As for how many souls are entering Hell, let's look at the different Religions that exist in the world today. Most of these religions state that if you are not a member of their religion, you will go to Hell. Since there is more than one of these religions and since people do not belong to more than one religion, we can project that all souls go to Hell.
With birth and death rates as they are, we can expect the number of souls in Hell to increase exponentially. Now, we look at the rate of change of the volume in Hell because Boyle's Law states that in order for the temperature and pressure in Hell to stay the same, the volume of Hell has to expand proportionately as souls are added.
This gives two possibilities:
1. If Hell is expanding at a slower rate than the rate at which souls enter Hell, then the temperature and pressure in Hell will increase until all Hell breaks loose.

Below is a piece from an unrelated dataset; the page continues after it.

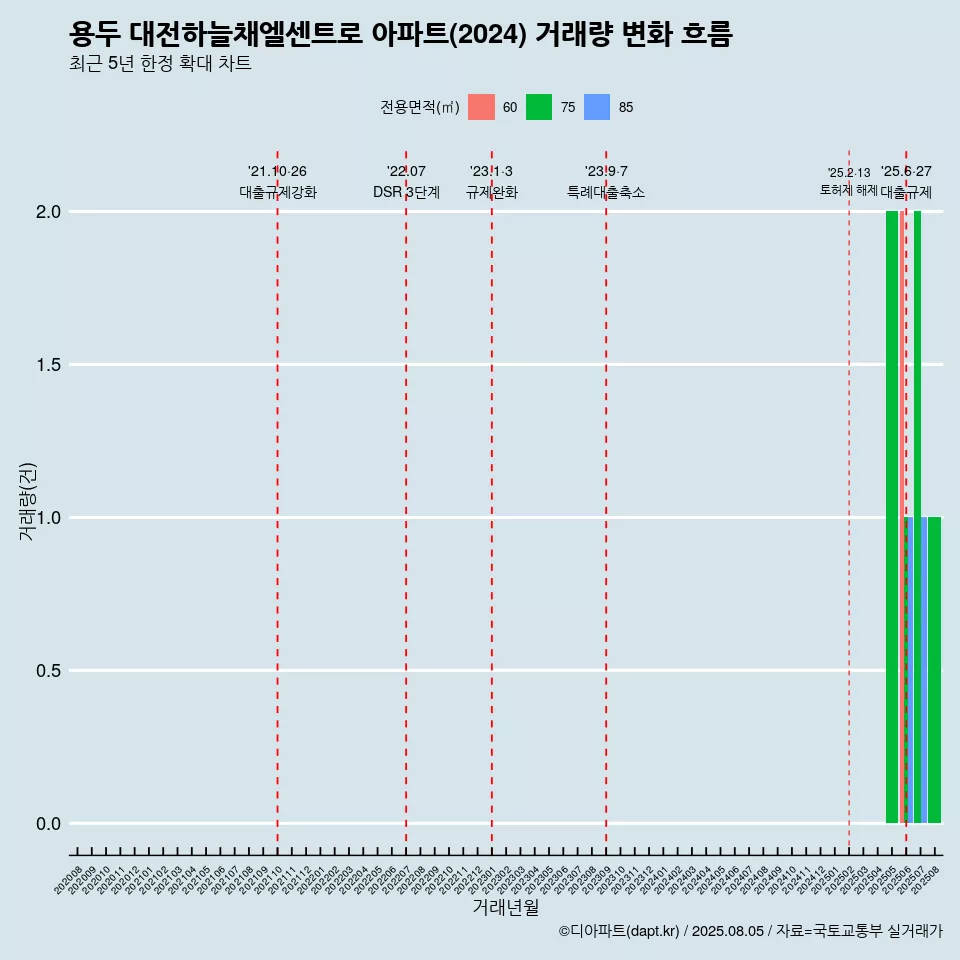 용두 대전하늘채엘센트로 아파트(2024) 거래량 변화 흐름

2. If Hell is expanding at a rate faster than the increase of souls in Hell, then the temperature and pressure will drop until Hell freezes over.
So which is it?
If we accept the postulate given to me by Teresa during my Freshman year that, "it will be a cold day in Hell before I sleep with you", and take into account the fact that I slept with her last night, then number 2 must be true, and thus I am sure that Hell is exothermic and has already frozen over. The corollary of this theory is that since Hell has frozen over, it follows that it is not accepting any more souls and is therefore, extinct...leaving only Heaven thereby proving the existence of a divine being which explains why, last night, Teresa kept shouting "Oh my God." THIS STUDENT RECEIVED THE ONLY "A" I should think so.